→ Task requirements
Repeat the data that follows exactly, starting at the line with "معماری بوتیک هتل سنگ سیاه" and ending at the line with "Henry Yanzapanta, excampeón", and leave out every picture.

→ Dataset content

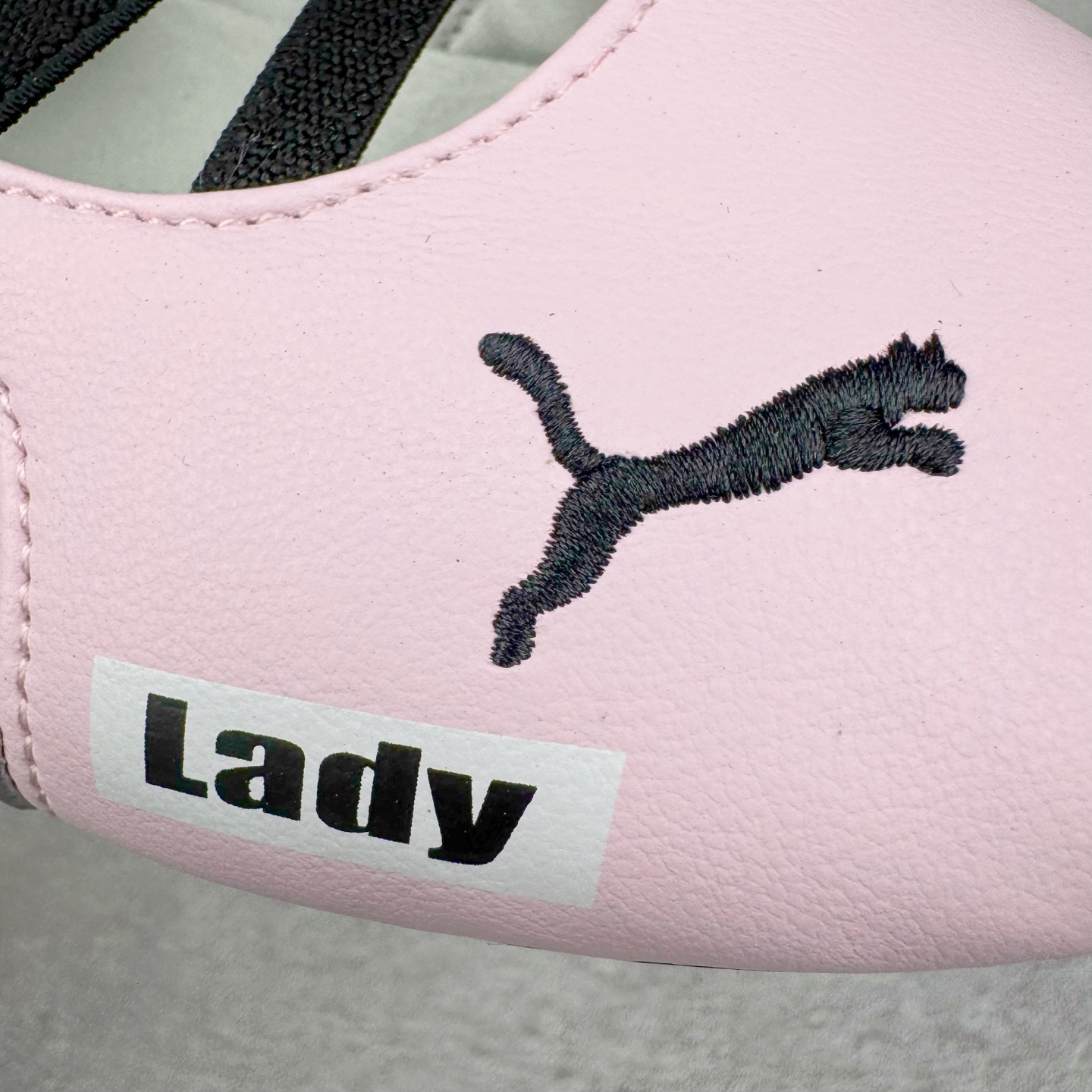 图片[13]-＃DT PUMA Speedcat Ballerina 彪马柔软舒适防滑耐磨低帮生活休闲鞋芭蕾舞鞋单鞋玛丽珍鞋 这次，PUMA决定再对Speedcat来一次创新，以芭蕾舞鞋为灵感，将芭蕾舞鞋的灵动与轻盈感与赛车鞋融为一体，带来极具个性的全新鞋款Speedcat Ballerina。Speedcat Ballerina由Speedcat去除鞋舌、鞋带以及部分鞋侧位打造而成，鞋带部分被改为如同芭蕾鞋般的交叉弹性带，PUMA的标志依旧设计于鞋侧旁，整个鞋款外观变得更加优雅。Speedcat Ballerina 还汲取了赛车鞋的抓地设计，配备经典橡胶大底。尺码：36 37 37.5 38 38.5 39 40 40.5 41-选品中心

==

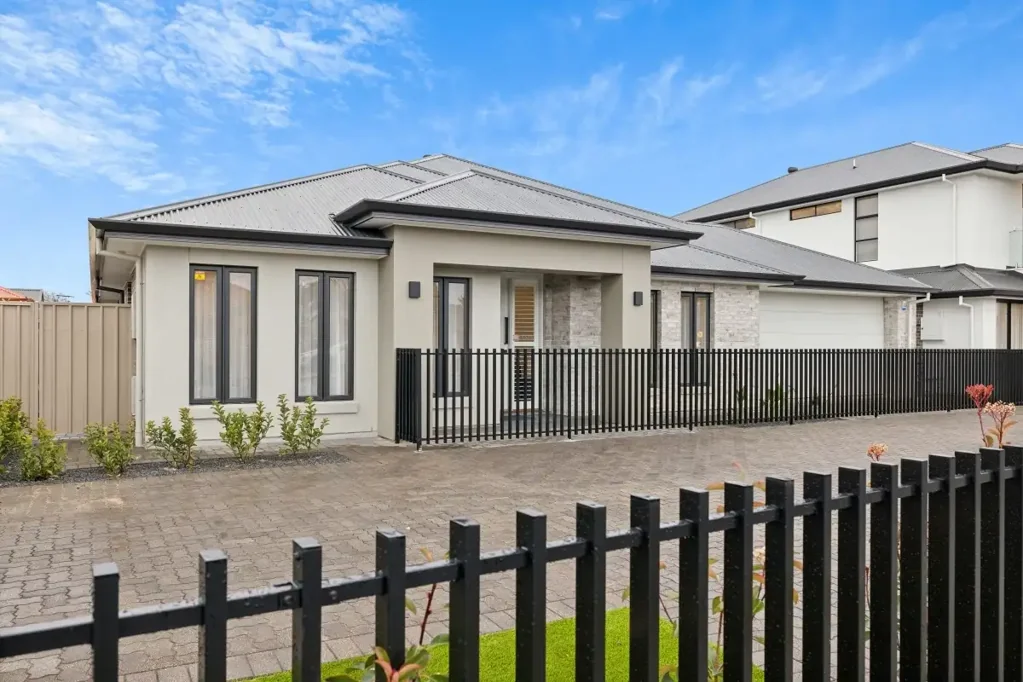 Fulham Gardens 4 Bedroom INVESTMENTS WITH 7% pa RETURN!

---

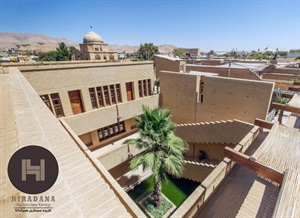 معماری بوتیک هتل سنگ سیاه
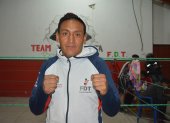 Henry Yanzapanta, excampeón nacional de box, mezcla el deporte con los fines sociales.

→ Problem solution
 معماری بوتیک هتل سنگ سیاه
 Henry Yanzapanta, excampeón nacional de box, mezcla el deporte con los fines sociales.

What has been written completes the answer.